I'm wondering how much longer I can go before I get cut off.


...more so for the people who collect user's personal data. Funny, I haven't had that many telemarkerters since FB. Yes, we are all that much more connected (whatever that means; I don't use FB at all so I wouldn't know), but there must be a better way than to dump our personal lives into servers 'out there'. I hope 'profoundly changed' means that it has taught some of us to think twice before we give out our personal data. Startups around FB have benefited from its existence, so I should balance my comments with some positives. A debatable issue that will surely continue...


I have no problem with Facebook or how they monetize their business but I know the average user aren't aware of it and they should be.

What I also I hope is that algorithms get better so it can know how a photo, video or post should be shared so the user won't have to think about it.


Prediction: Lyons will soon start a "Fake Mark" account.


The best way to deal with this new 'release' is to just ignore it. Can't believe the amount of attention this has garnered. We all need to wake up.


Is this funny? Seems a bit pointless to me, but maybe no more so than any of the other schlock people are writing about FB these days.


Yes, it is. The blog seems to be The Onion of the tech world.


You are discrediting The Onion. They have eerily posted articles that have later come to fruition.


It's by the guy who used to do the Fake Steve Jobs.


and that url is huge


"Facebook helps you connect and share with the people in your life."

No thanks.


Even though sarcastic and well-played this is just more hype. It should not be encouraged.

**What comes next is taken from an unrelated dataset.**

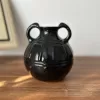 Author's Historical Ceramic Melon-Shaped Jug with Two Handles and Vertical Grooves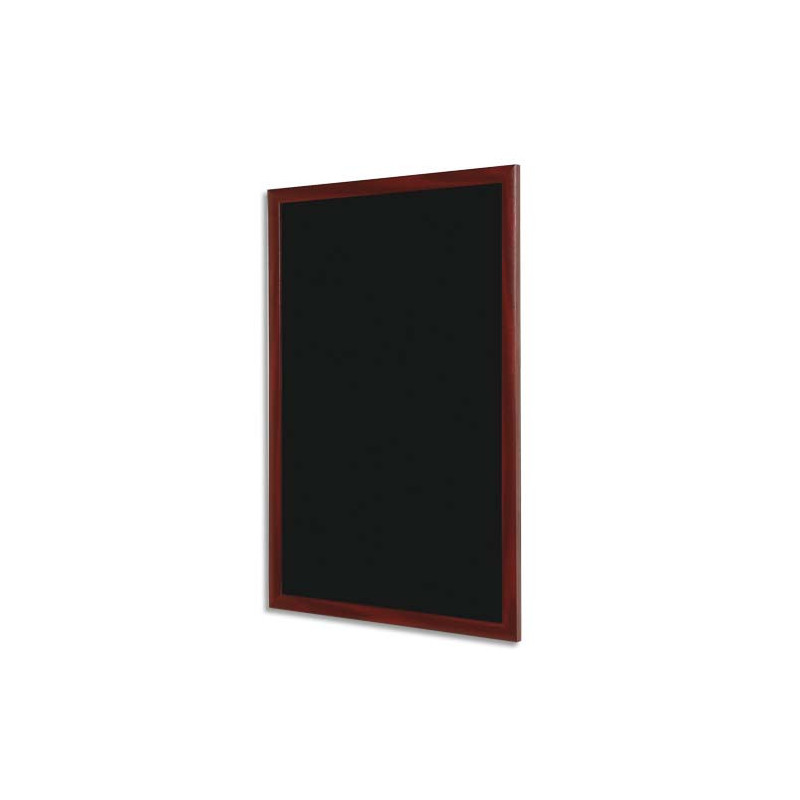 BI-OFFICE Ardoise murale cadre coloris merisier format L60 x H45 cm. Livrée avec fixations murales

If this keeps happening, you'll start asking someone about their early life and they'll just suggest you add them on Facebook and read about it yourself.

I had a similar experience talking to a friend who had just started blogging. We hit a discussion point he had apparently already covered and if I just read it instead of talking...

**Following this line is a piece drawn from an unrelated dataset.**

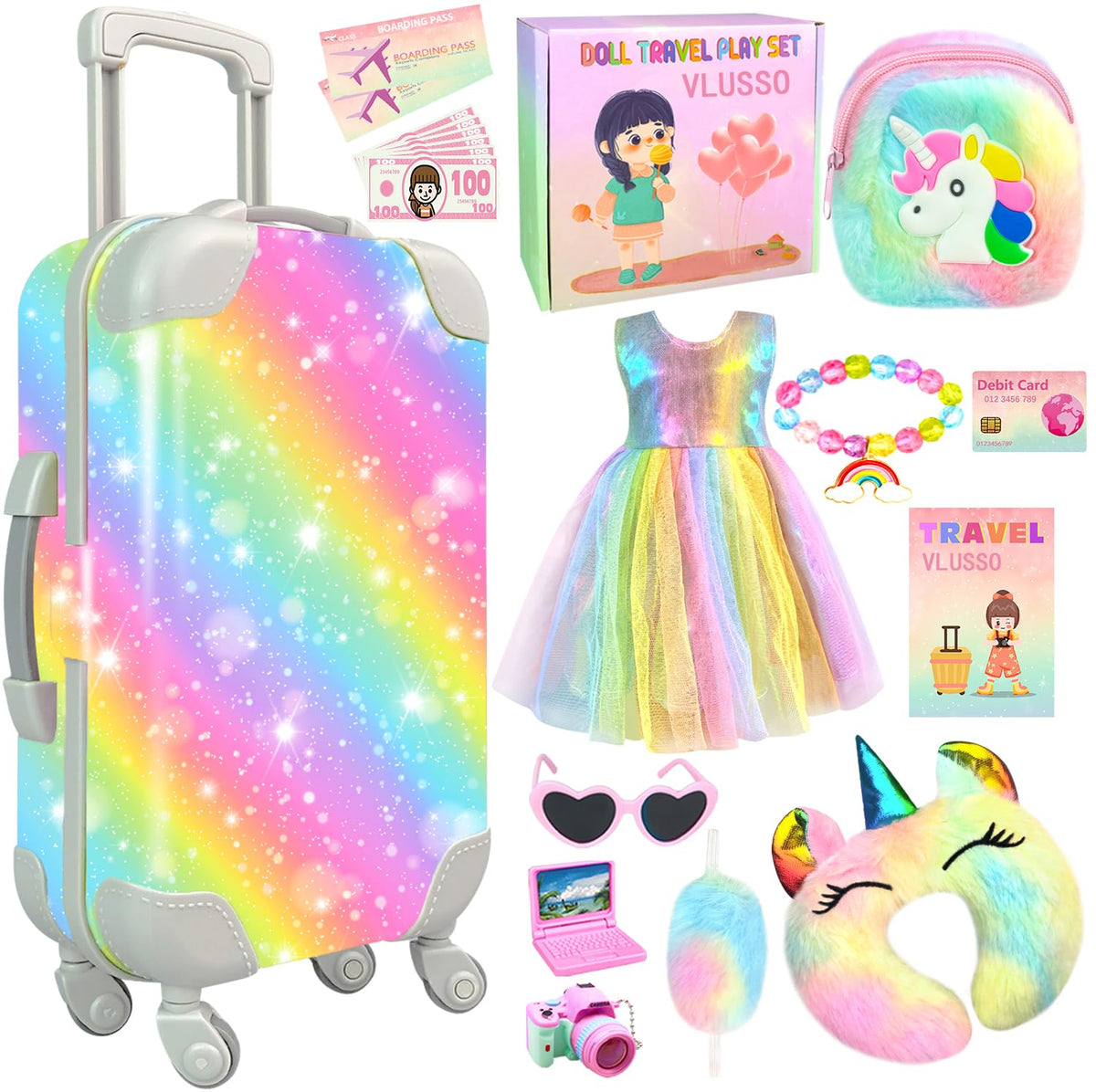 19Pcs 18 inch Girl Doll Accessories Case Luggage Travel Play Set with Doll Clothes Camera Travel Pillow Bag Dress Glasses Doll Stuff Fit 18 inch Doll Christmas Birthday Gift 🍁 All In One Marketplace Canada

Facebook should just be there to remind you of people's birthdays, but it doesn't really do that very well either.


is this guy tripping or what? facebook extended a few features (eg. not just liking, but reading and eating and whatever) and introduced timeline, which is gonna be quite creepy for all those very active facebookers out there. seriously, what's the big deal?


If I'm not mistaken, the linked article employs the rhetorical device known as sarcasm.

The point being that Timeline is not, in fact, a world-changing feature.


dang, you're right


Did you even read the whole article? It has a sarcastic tone.


And fairly well done, as the first few paragraphs have you thinking he's being straight.


"All of life has been utterly, profoundly changed thanks to Facebook..."

Ummmm...not mine. I use it sometimes but total posts under a dozen. Google knows way more than FB about me but that's changing little by little.